In der DE 78 31 523 U1 wird die Lehre vermittelt, die an einem Rahmenlängsträger 3 befestigten Federaufhängung 4 einer nicht dargestellten Blattfeder für eine LKW-Achse gleichzeitig als Anlenkpunkt für einen Fahrerhauskippzylinder 7/8 zu verwenden, vgl insb Ansprüche 1 und 2 iVm den Figuren. Dafür ist im Detail vorgeschlagen, den zur Befestigung der Blattfeder vorhandenen Bolzen 12 (Federauge) entsprechend zu verlängern und durch einen Flansch 13 und einen Sprengring 14 für die schwenkbare Lagerung des Fahrerhauskippzylinders 7/8 auszubilden, vgl auch S 3 letzter Abs. Weder die schriftliche Offenbarung noch die Darstellung des Lagerbocks 4 in den Figuren lässt eindeutig erkennen, auf welche Weise er hergestellt worden ist. Außer einer Verlängerung und Anpassung des Bolzens 12 sind keine Maßnahmen zur Abstützung des durch die Kippzylinderlagerung zusätzlich belasteten Bolzens, zBsp durch eine Stützrippe o.ä., offenbart.

Bei einer Übertragung dieser Lehre auf den vorbekannten Rahmenlängsträger würde der Durchschnittsfachmann die vordere Federaufhängung oder einen ähnlichen, für die Kippkinematik besser geeigneten Lagerbock als Anlenkpunkt des Stabilisator-Haltestabes in Betracht ziehen. Allerdings ist die konkret beanspruchte Gestaltung des Lagerbocks als Schweißkonstruktion, bestehend aus den vier im Anspruch genannten Einzelteilen dabei objektiv durch nichts angeregt. Deshalb ist diese, von dem Erfinder erstmals aufgefundene Lösung auch nicht nahgelegt im patentrechtlichen Sinn.

Die übrigen Druckschriften (DE 38 27 922 C1 und US 2 864 121) beschreiben kippbare LKW-Fahrerhäuser, an deren Lagerböcken ein Dämpferzylinder und auch ein Stabilisator für die Fahrerhauskippbewegung angelenkt sind. Insoweit weisen diese Druckschriften mehrfunktionale Lagerböcke als am Prioritätstag bekannt nach, ohne dem nunmehr konkret Beanspruchten näher zu kommen als der zuvor dargestellte Stand der Technik.

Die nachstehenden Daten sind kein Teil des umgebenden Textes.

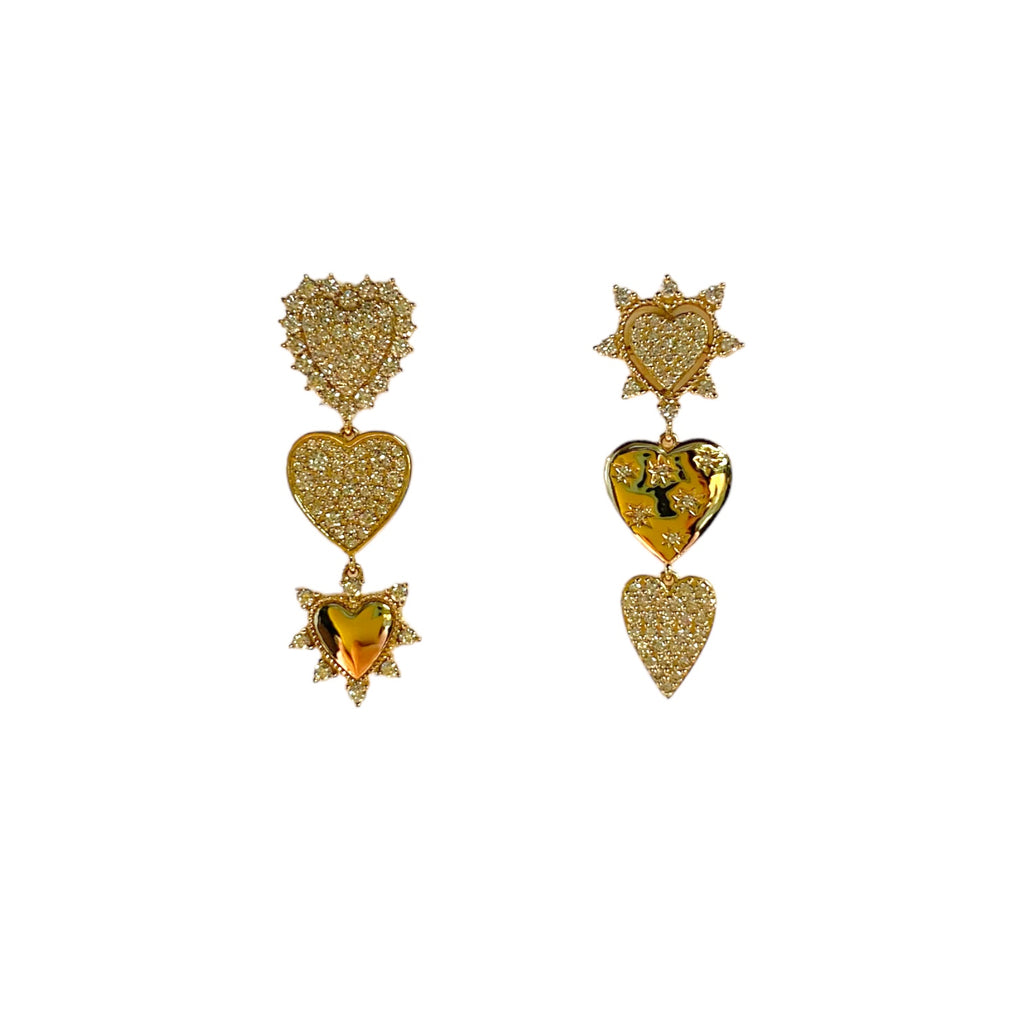 Asymmetrical Heart Diamond Earrings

Die vorstehenden Ausführungen machen deutlich, dass der in Betracht gezogene Stand der Technik keine Anregung für die beanspruchte spezielle Lösung liefert.

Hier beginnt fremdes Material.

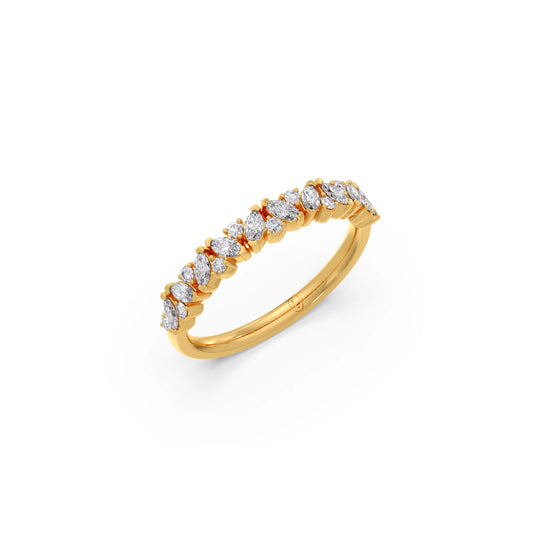 Marquise & Round Half Eternity Diamond Ring - Yellow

Dies gilt auch unter Berücksichtigung des allgemeinen Fachwissens eines als LKW-Konstrukteur tätigen Durchschnittsfachmannes, zBsp eines Maschinenbau-Ingenieurs. Zu dessen allgemeinem Fachwissen zählt unbestritten die Kenntnis um Guss- und Schweißkonstruktionen von Lagerböcken und deren jeweils vorteilhafte Anwendung bei großen Stückzahlen bzw bei Sonderkonstruktionen. Es kann allerdings dahinstehen, ob und aus welchem Grund der Durchschnittsfachmann möglicherweise der einen oder der anderen Herstellungsweise den Vorzug geben würde. Denn mit dieser Entscheidung ist die konkret beanspruchte Konstruktion noch nicht nahegelegt.

Vor diesem Hintergrund bedurfte es zur Gestaltung des beanspruchten Lagerbocks mit seinen speziellen Merkmalen einer erfinderischen Tätigkeit.

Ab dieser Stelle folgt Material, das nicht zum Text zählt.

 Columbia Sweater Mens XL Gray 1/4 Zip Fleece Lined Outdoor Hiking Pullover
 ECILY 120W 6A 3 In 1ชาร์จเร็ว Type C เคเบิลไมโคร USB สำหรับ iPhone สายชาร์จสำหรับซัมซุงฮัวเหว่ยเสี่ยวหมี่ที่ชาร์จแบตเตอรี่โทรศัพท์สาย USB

Der Patentanspruch 1 ist mithin patentfähig. Mit ihm sind es die darauf bezogenen Patentansprüche 2 bis 7, in denen Einzelheiten der anmeldungsgemäßen Schweißkonstruktion angegeben sind.

4. Die Rückzahlung der Beschwerdegebühr aus Billigkeitsgründen gemäß PatG § 80 Abs. 3 ist geboten, weil das Prüfungsverfahren an einem wesentlichen Mangel leidet.

Der wesentliche Verfahrensmangel besteht darin, dass die Prüfungsstelle die Anmeldung zurückgewiesen hat, ohne die Anmelderin zuvor gemäß PatG § 45 Abs. 2 in ausreichender Weise davon zu benachrichtigen, welcher konkrete Stand der Technik dem von der Prüfungsstelle als neu anerkannten Anmeldungsgegenstand patenthindernd entgegensteht (BPatG GRUR 1990, 111-113 "Transportsicherung"). Obwohl die Anmelderin die Prüfungsstelle in ihrer Erwiderung auf den Erstbescheid mit Bezug auf diese Entscheidung darauf hingewiesen hatte, dass die Nennung druckschriftlichen Standes der Technik erforderlich ist, ist ohne Berücksichtigung dieser zutreffenden Forderung der Anmelderin die Zurückweisung der Anmeldung erfolgt. In diesem Fall wäre es unbillig, die Anmelderin mit den auf diese Weise veranlassten Gebühren des Beschwerdeverfahrens zu belasten.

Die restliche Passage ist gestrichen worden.